# [YOUR OBJECTIVE]
Write out each line of the entries exactly, starting at the first and finishing with the line that contains "Conc_PF_310307 (3)".
......
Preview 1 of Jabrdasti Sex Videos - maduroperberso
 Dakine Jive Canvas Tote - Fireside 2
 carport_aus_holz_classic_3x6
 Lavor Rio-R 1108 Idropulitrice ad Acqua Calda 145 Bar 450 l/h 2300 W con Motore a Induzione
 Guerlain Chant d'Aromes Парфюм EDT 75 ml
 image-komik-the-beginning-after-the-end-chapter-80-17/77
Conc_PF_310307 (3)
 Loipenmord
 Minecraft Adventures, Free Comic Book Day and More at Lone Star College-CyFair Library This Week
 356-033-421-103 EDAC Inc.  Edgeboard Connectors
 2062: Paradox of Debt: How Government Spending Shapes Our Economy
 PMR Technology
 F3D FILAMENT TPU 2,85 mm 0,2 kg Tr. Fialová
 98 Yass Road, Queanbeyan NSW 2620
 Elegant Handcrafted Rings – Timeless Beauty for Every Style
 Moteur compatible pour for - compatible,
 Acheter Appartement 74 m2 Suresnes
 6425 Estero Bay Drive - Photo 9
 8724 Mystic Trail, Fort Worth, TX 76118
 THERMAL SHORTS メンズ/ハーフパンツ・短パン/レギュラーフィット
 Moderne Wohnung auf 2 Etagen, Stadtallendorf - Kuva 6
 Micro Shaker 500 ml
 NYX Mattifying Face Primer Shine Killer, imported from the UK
......
# [RESPONSE]
Preview 1 of Jabrdasti Sex Videos - maduroperberso
 Dakine Jive Canvas Tote - Fireside 2
 carport_aus_holz_classic_3x6
 Lavor Rio-R 1108 Idropulitrice ad Acqua Calda 145 Bar 450 l/h 2300 W con Motore a Induzione
 Guerlain Chant d'Aromes Парфюм EDT 75 ml
 image-komik-the-beginning-after-the-end-chapter-80-17/77
Conc_PF_310307 (3)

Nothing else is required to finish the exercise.